Selected Financial Data
The selected financial data presented below should be read in conjunction with,
and is qualified in its entirety by reference to, the Financial Statements and
Notes thereto.
(In thousands except for per share data and employees)
------------------------------------------------------
Years ended December 31:
------------------------
1998 1997 1996 1995 1994
---- ---- ---- ---- ----
Revenues $204,869 $181,359 $162,482 $148,747 $136,414
Net income $ 8,869 $ 5,894 $ 6,889 $ 3,941 $ 6,400
Basic earnings per common share $ .79 $ .52 $ .57 $ .32 $ .53
Diluted earnings per common share $ .77 $ .51 $ .56 $ .32 $ .53
Weighted average number of common
shares outstanding for basic EPS 11,188 11,354 12,156 12,210 12,044
Weighted average number of common
shares outstanding for diluted EPS 11,512 11,578 12,203 12,335 12,211
As of December 31:
Working Capital $ 62,009 $ 55,706 $ 57,434 $ 51,068 $ 46,146
Total Assets $ 93,109 $ 84,890 $ 86,446 $ 80,290 $ 75,815
Long-Term Obligations $ - $ - $ - $ - $ 300
Stockholders' Equity $ 80,192 $ 72,227 $ 74,938 $ 68,470 $ 62,124
Book Value Per Share $ 7.27 $ 6.52 $ 6.17 $ 5.61 $ 5.22
Employees 14,046 12,180 11,217 10,911 10,808
All share data has been adjusted to reflect the 3-for-2 stock split paid in the
form of a 50% stock dividend on August 27, 1998.
9
The following discussion and analysis should be read in conjunction with the
financial statements and notes thereto.
Management's Discussion and Analysis of
Financial Condition And Results of Operations
Results of Operations
From 1993 through 1998, the Company's revenues grew at a compound annual rate of
12.4%. This growth was achieved through obtaining new clients in both existing
market areas, as well as providing additional services to existing clients.
Although there can be no assurance thereof, the Company anticipates future
growth, although its compound growth rates will likely decrease as growth is
measured against the Company's increasing revenue base.
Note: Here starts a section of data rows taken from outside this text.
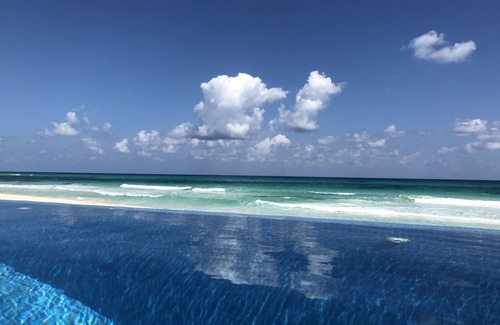 Villa Juarez Villa | 486 m² Villa ∙ 5 bedrooms ∙ 10 guests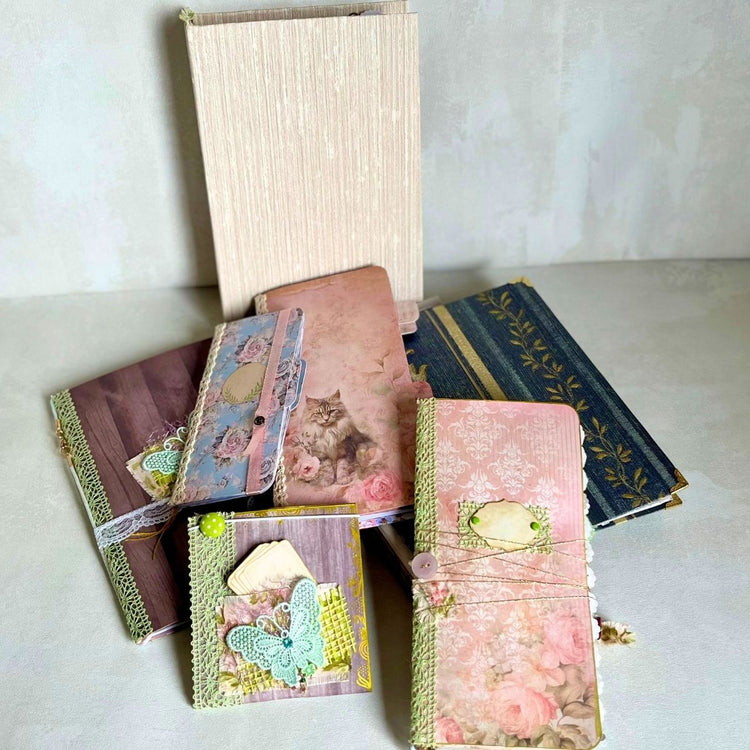 Auswahl handgemachter Journale von Christin Bollow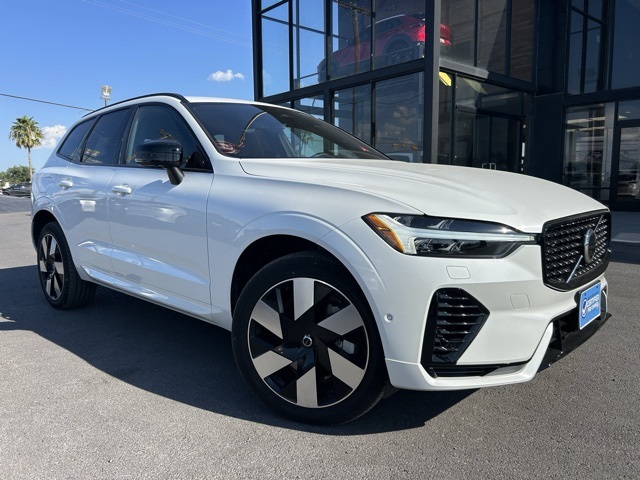 2025 Volvo XC60 Plus's photo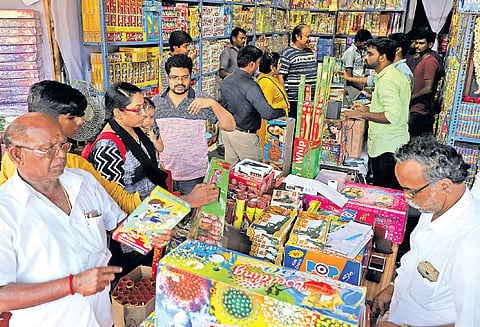 சுப்ரீம் கோர்ட்டு தீர்ப்பை தொடர்ந்து தமிழக அரசு நடவடிக்கை தீபாவளி பண்டிகை அன்று பட்டாசு வெடிக்கும் நேரம் அறிவிப்பு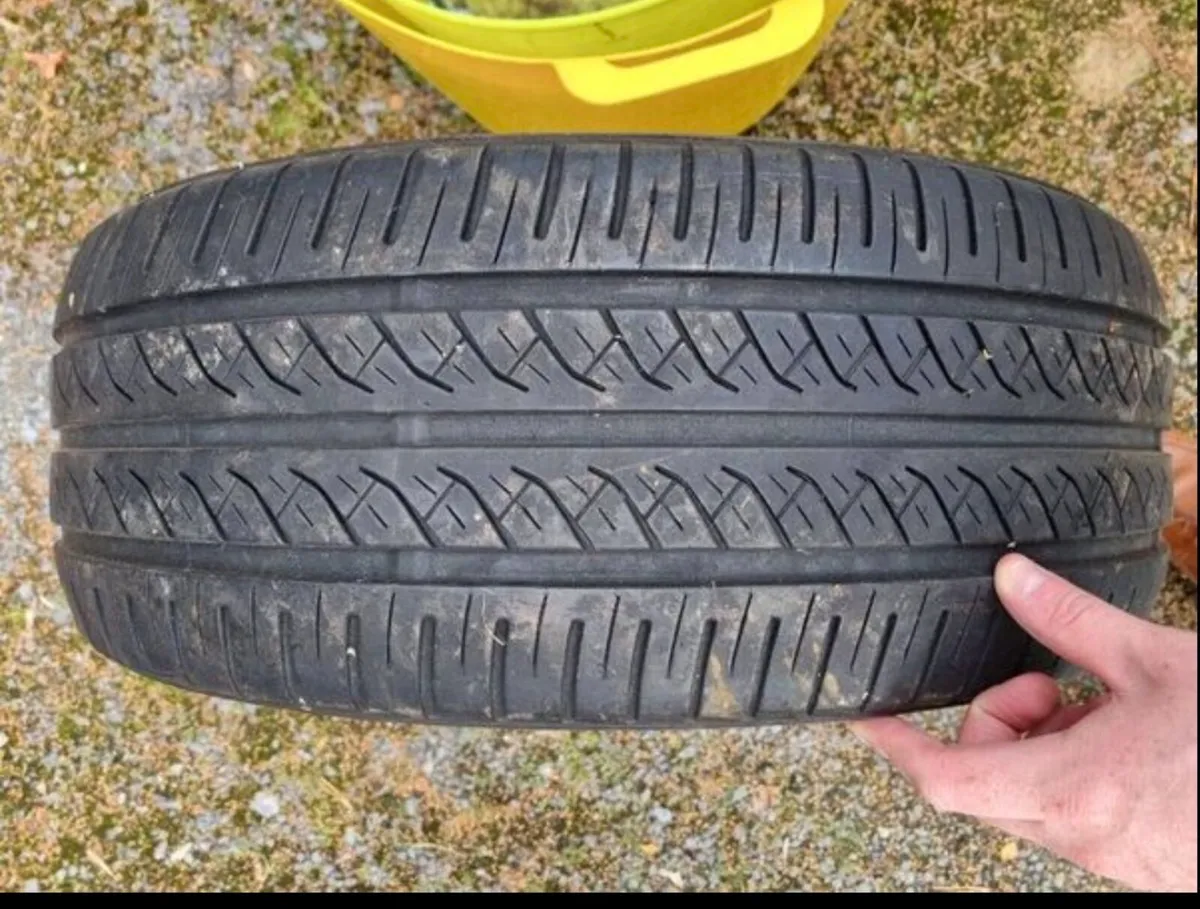 2 Runflat Tyres & 1 tyre - Image 2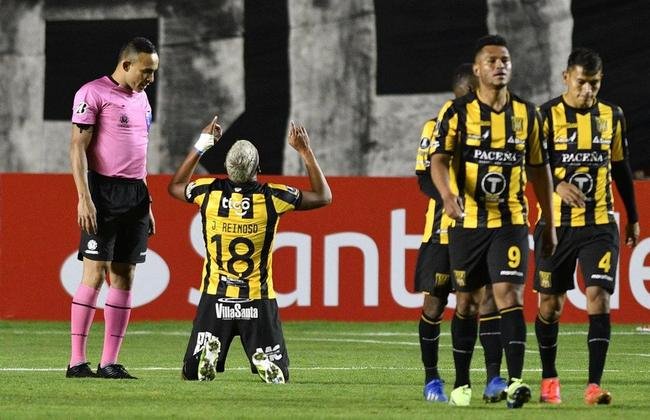 Marathon, do Equador,  a fornecedora do The Strongest, da Bolvia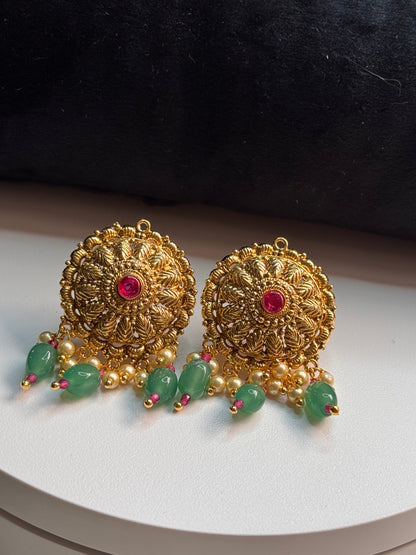 FMC705 - Antique Gold Plated Studs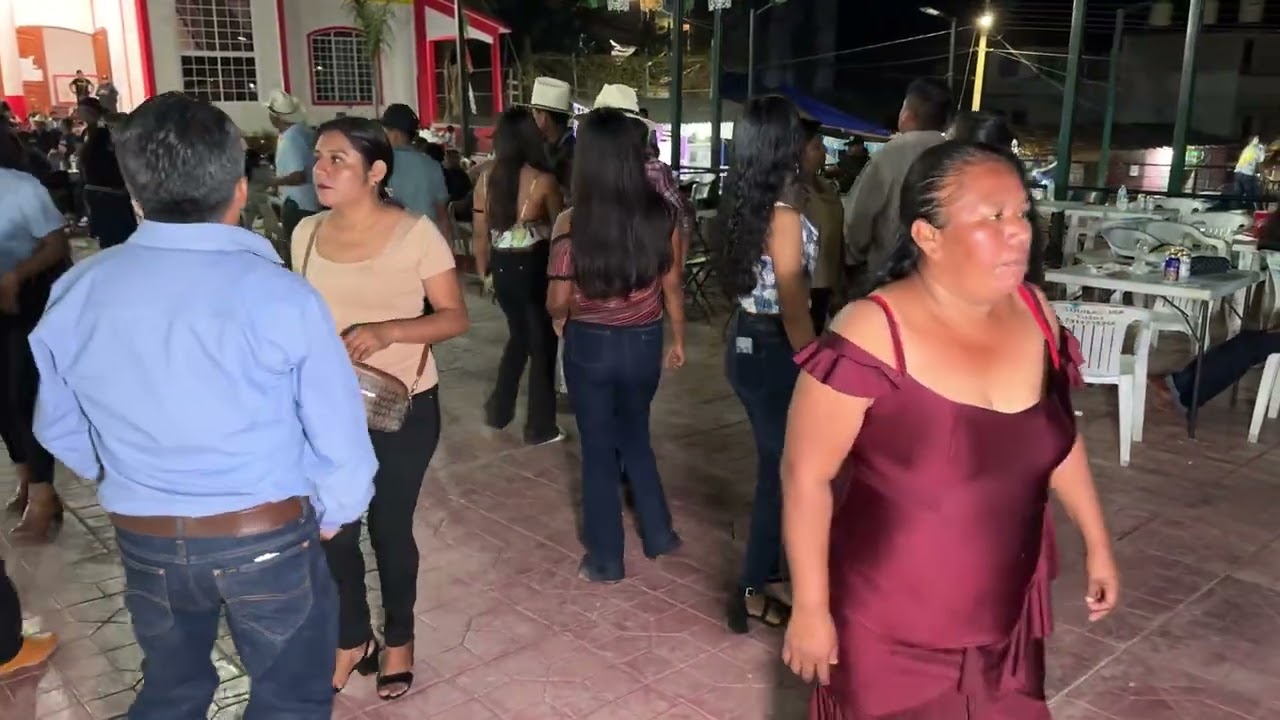 Baile en honor a la Virgen de Guadalupe en Santa cruz del Rincón 2025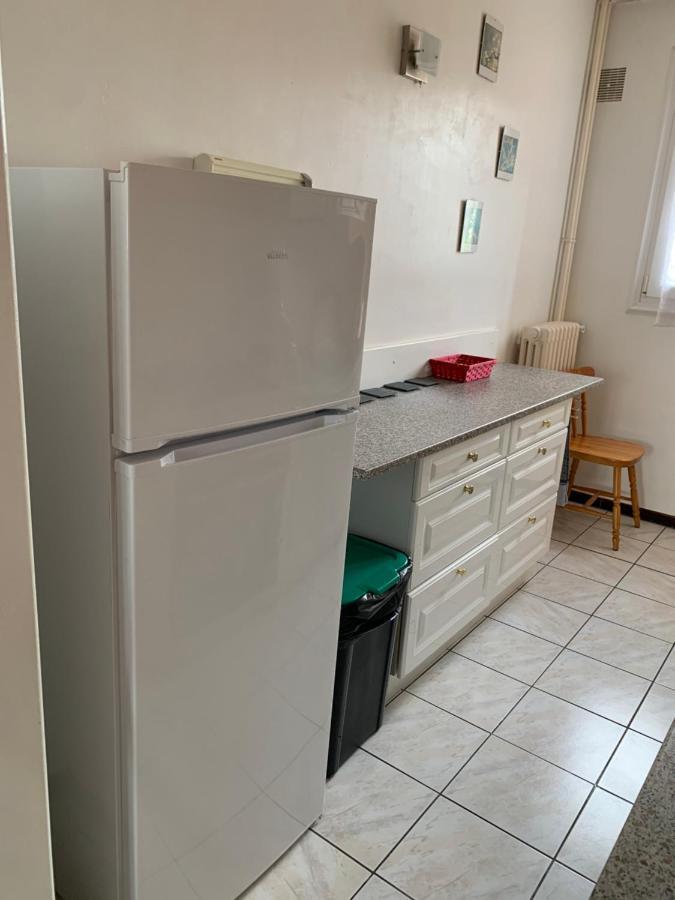 Appartement 2 chambres accès direct circuit et gare en tram en moins de 10mn Le Mans Extérieur photo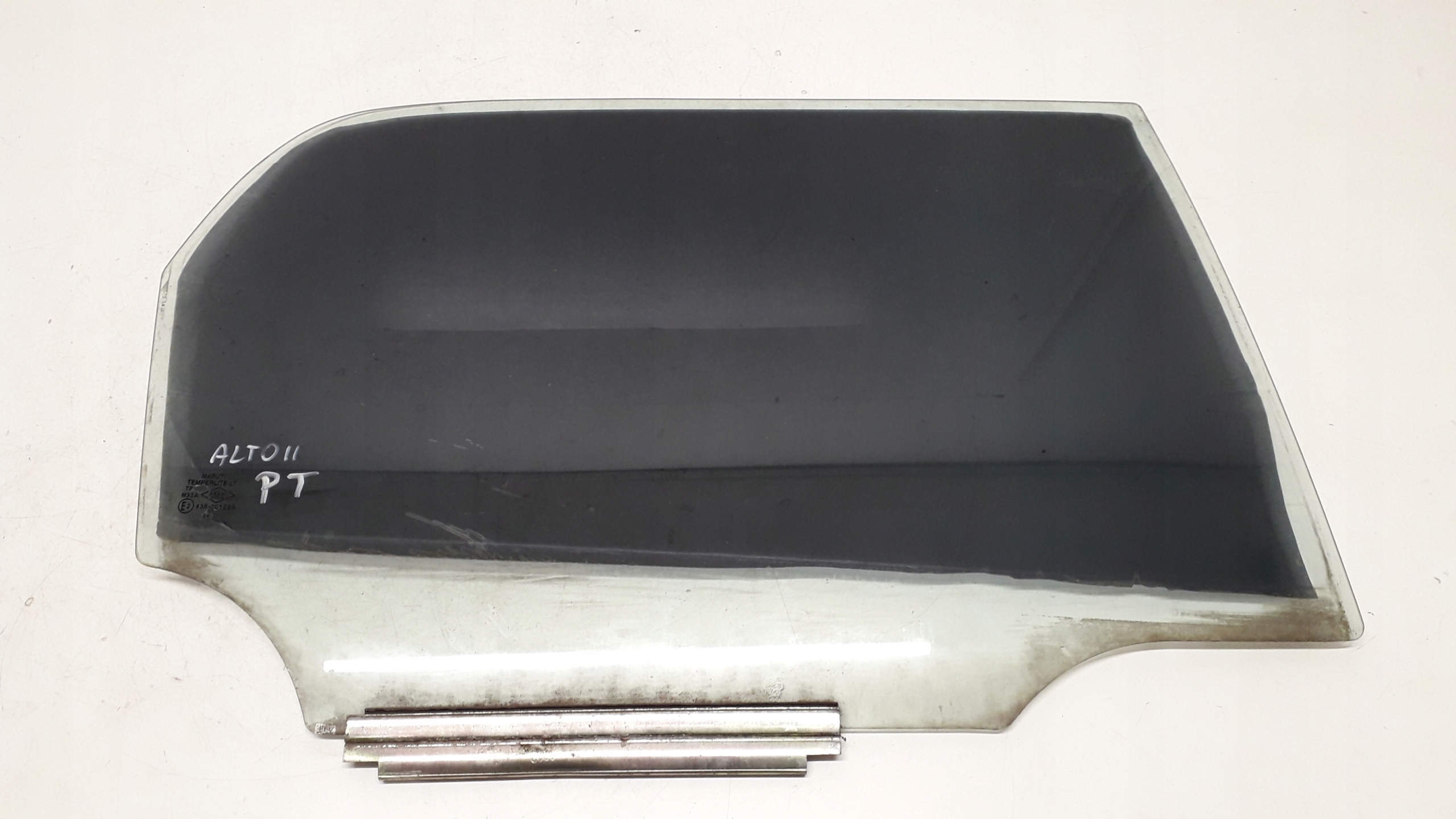 SUZUKI ALTO 5 V 98- 5D SZYBA PRAWA TYLNA ...04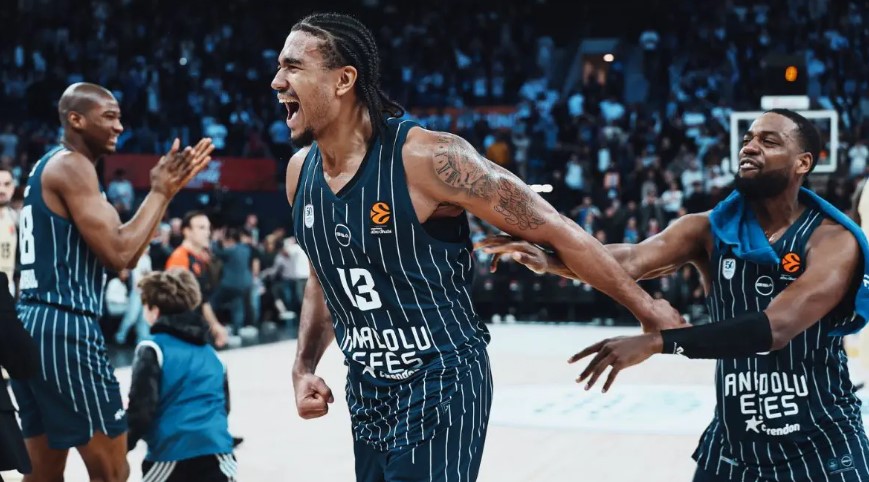 Анадолу Эфес — Париж прогноз на матч 7 января 2026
The following table sets forth for the years indicated the percentage which
certain items bear to revenues:
Relation to Total Revenues
--------------------------
Years Ended December 31,
------------------------
1998 1997 1996
Revenues 100.0% 100.0% 100.0%
Operating costs and expenses:
Costs of services provided 85.1 85.1 85.7
Selling, general and administrative 8.5 8.8 8.0
Interest income .6 .8 .7
Settlement of civil litigation
(Note 9) - (1.0) -
--- --- ---
Income before income taxes 7.0 5.9 7.0
Income taxes 2.7 2.6 2.8
--- --- ---
Net income 4.3% 3.3% 4.2%
=== === ===
1998 Compared with 1997
Revenues increased 13% to $204,869,023 in 1998 from $181,359,305 in 1997. The
following factors contributed to the increase in revenues: service agreements
with new clients increased revenues 22.7%; new services to existing clients
increased revenues 4.9%; and cancellations and other minor changes decreased
revenues by 14.6%.
Costs of services provided as a percentage of revenues in 1998 was 85.1%, the
same as in 1997. The primary factors affecting specific variations in the 1998
cost of services provided as a percentage of revenue are as follows: decrease in
workers' compensation, general liability and other insurance of .5%; decrease of
.3% in the cost of supplies consumed in performing services; decrease of .3% in
employee benefits; offsetting these decreases was an increase in allowance for
doubtful accounts of .6%.
Selling, general and administrative expenses as a percentage of revenue
decreased to 8.5% in 1998 from 8.8% in 1997. The decrease is primarily
attributable to the Company's ability to control these expenses while comparing
them to a greater revenue base.
10
1997 Compared with 1996
Revenues increased 12% to $181,359,305 in 1997 from $162,482,169 in 1996. The
following factors contributed to the increase in revenues: service agreements
with new clients in existing geographic areas increased revenues 16.8%; new
services to existing clients increased revenues 5.2%; and cancellations and
other minor changes decreased revenues by 10%.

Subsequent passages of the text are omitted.